## [YOUR TASK]
Only one stretch of the data below is wanted: the lines starting at the one with "2019 Toyota RAV4 XLE FWD (GS)" and ending at the one with "Shelton, Connecticut, 06484, United", both included, given again exactly.

## [EXERCISE MATERIAL]
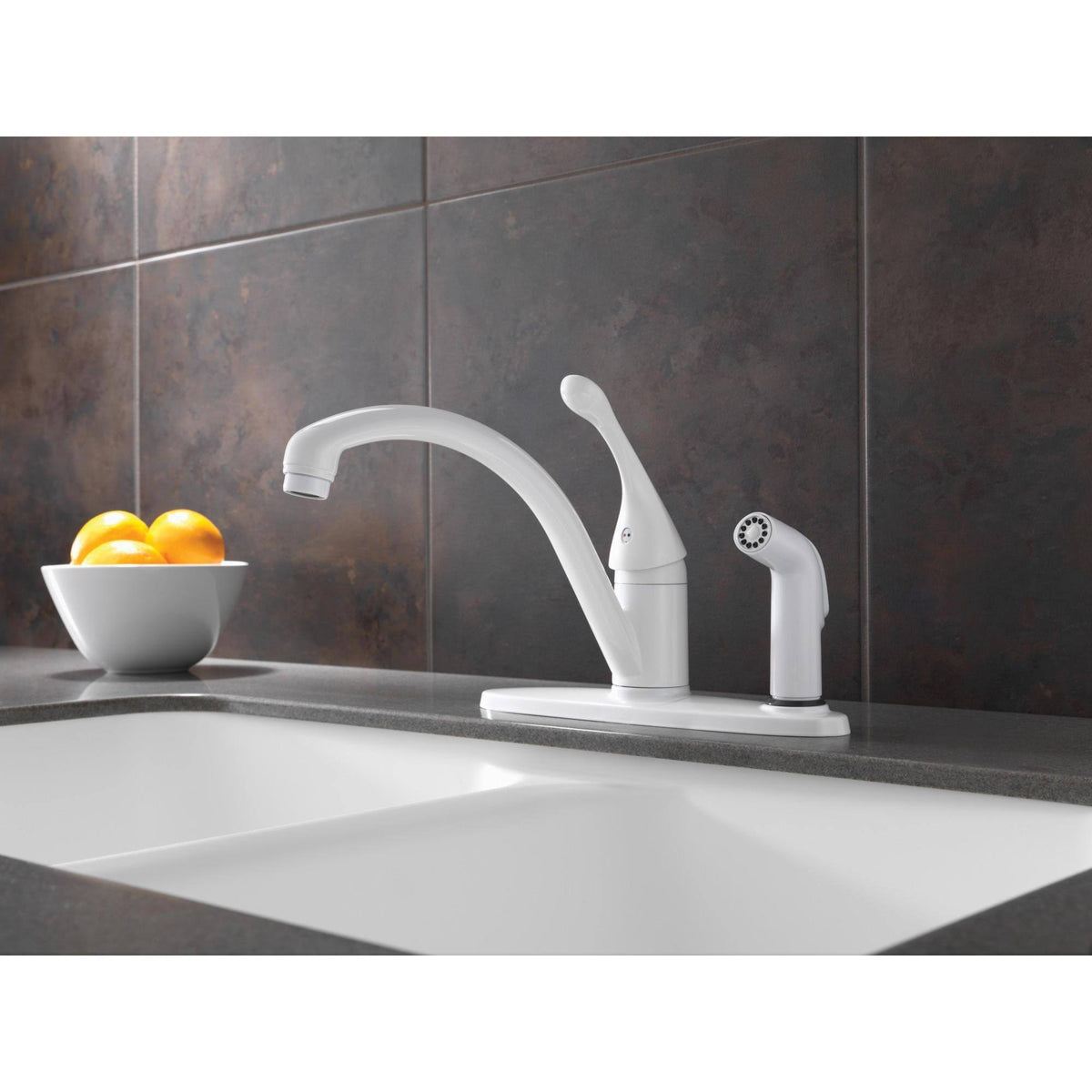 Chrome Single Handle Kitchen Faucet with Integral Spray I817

---

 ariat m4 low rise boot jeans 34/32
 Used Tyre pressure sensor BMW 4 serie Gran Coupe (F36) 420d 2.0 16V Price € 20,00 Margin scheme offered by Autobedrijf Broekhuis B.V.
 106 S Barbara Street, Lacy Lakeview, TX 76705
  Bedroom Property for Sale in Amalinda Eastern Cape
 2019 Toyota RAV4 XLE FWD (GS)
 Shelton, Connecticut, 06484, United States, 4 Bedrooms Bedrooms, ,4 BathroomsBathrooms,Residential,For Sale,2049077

...

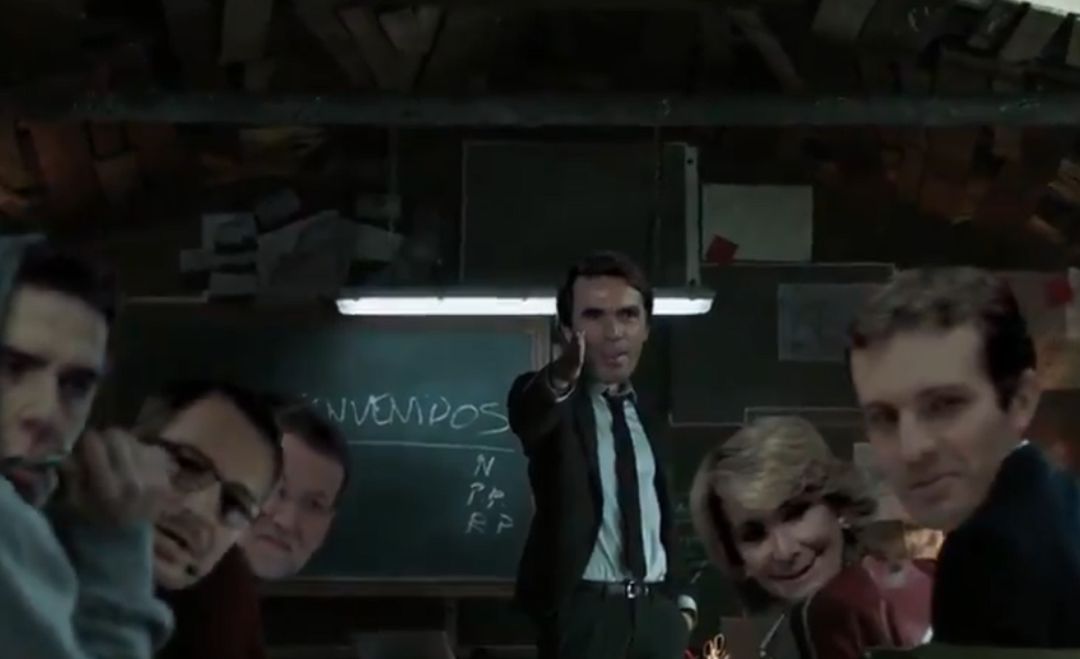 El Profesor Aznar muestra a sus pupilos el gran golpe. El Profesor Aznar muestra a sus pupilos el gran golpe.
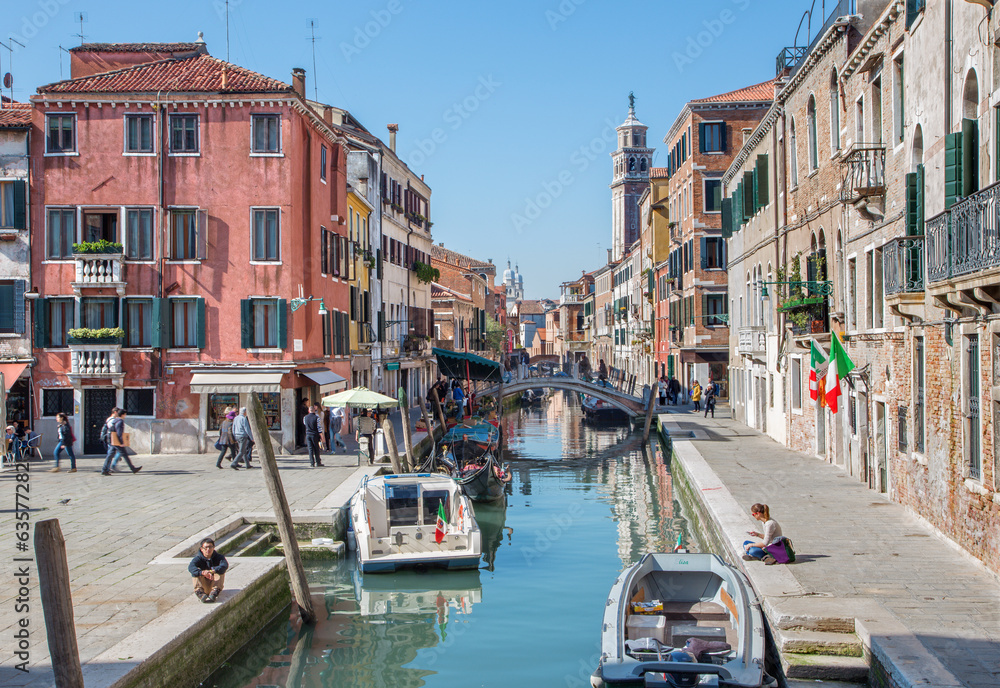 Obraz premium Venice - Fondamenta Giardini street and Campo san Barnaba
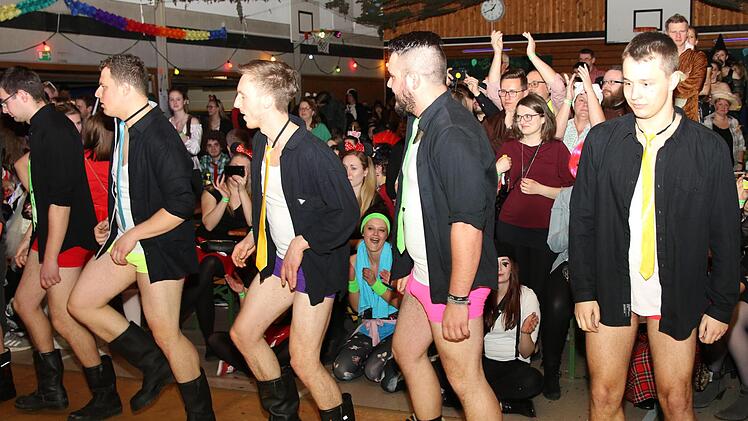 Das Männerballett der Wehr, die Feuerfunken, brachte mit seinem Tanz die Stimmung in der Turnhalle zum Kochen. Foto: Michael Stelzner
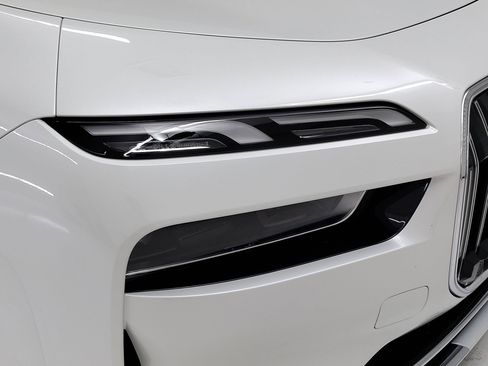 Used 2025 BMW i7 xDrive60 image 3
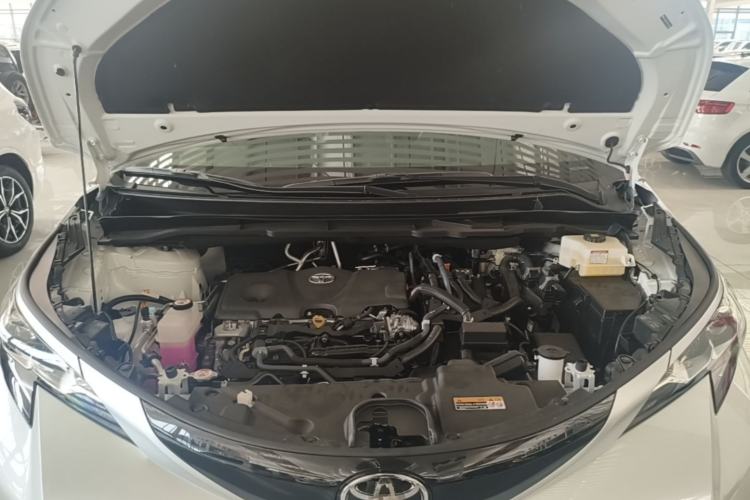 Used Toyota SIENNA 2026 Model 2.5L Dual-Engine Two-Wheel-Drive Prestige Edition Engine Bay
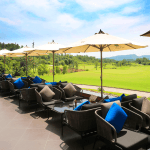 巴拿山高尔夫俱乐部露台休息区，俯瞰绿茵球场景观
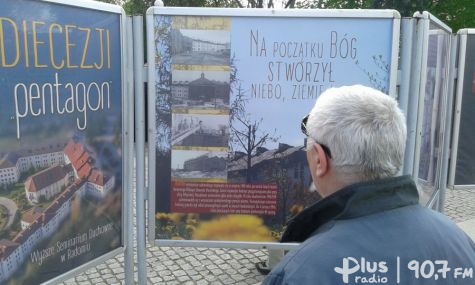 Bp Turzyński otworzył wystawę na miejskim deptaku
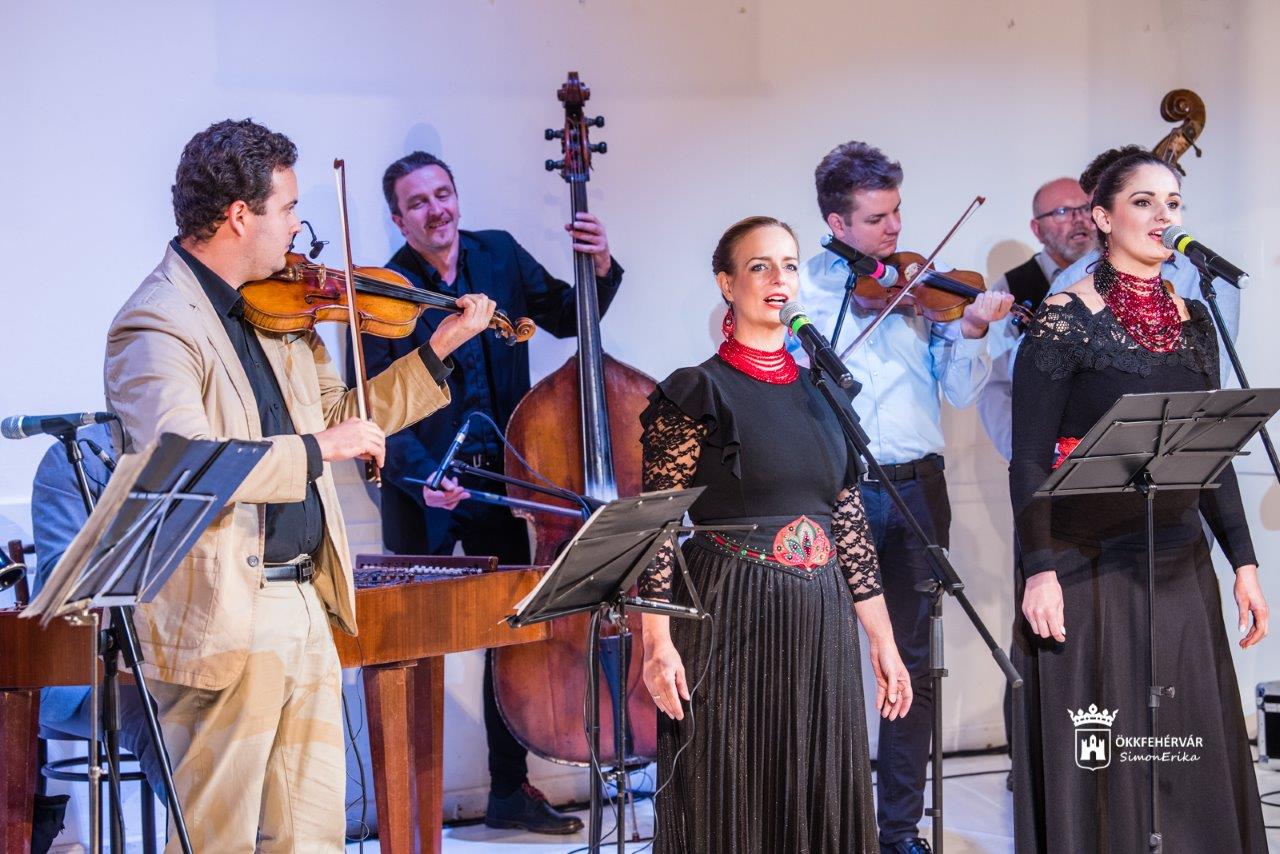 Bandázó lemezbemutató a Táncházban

## [SOLUTION TO THIS TASK]
 2019 Toyota RAV4 XLE FWD (GS)
 Shelton, Connecticut, 06484, United States, 4 Bedrooms Bedrooms, ,4 BathroomsBathrooms,Residential,For Sale,2049077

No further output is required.